Machado: Para implantar essa ideia, não é preciso um novo código. Essa alteração poderia ser incluída no código em vigor. No Brasil, temos a mania de querer reinventar a roda, mudar tudo o tempo todo. O Código de Processo Civil da Itália, por exemplo, é de 1942 – e funciona muito bem. O da Alemanha é de 1879. O da França, de 1804 – da época de Napoleão. Todos estão funcionando. Receberam diversas modificações ao longo do tempo, claro, mas estão de pé. O nosso código é muito benfeito e tem caráter democrático. Alterá-lo nos moldes que estão sendo colocados poderá apenas criar um tipo de ditadura que jamais vimos no Brasil, a ditadura do Judiciário. Não faz sentido.
Fonte: revista “Veja”
Todos são a favor de maior agilidade no judiciário! E com as propostas deste senhor os processos ficarão mais ágeis, graças a deus, em cinco minutos…

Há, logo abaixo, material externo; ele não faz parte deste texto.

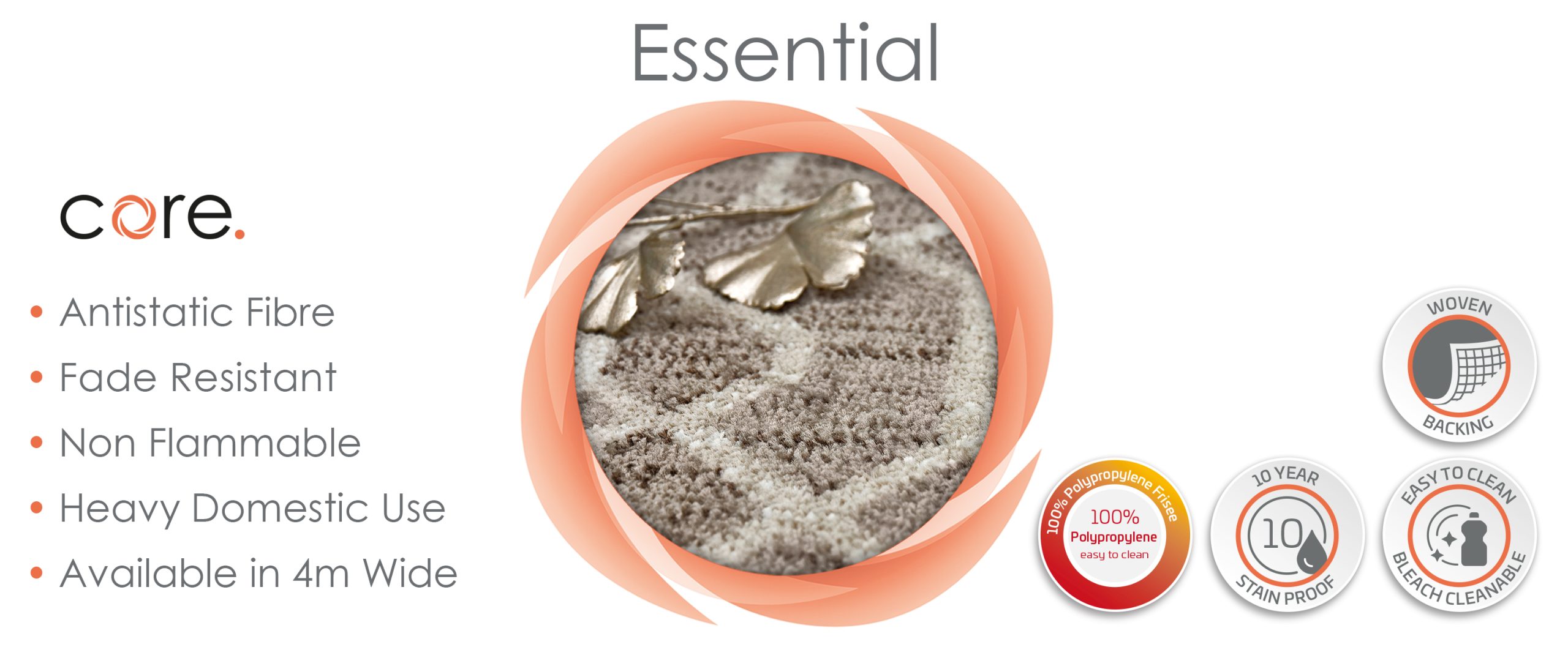 Website_Essential_Core_3000x1260px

Tem plena razão o prof. Antônio da costa Machado. Como advogado há quase 40 anos, posso afirmar que a reforma, nos termos propostos, será um desastre. A concentração de poderes no juiz de primeiro grau, para quem bem conhece as justicas dos estados, produzira grande insegurança jurídica. Ate para os juízes monocraticos isso não será bom, pois pode atrair a hostilidade dos jurisdicionados, ao ficarem sem chances de reformar sentenças e decisões pelas vias recursais do agravo e da apelação. A idéia da conciliação previa por órgão privado afigura-se-me excelente.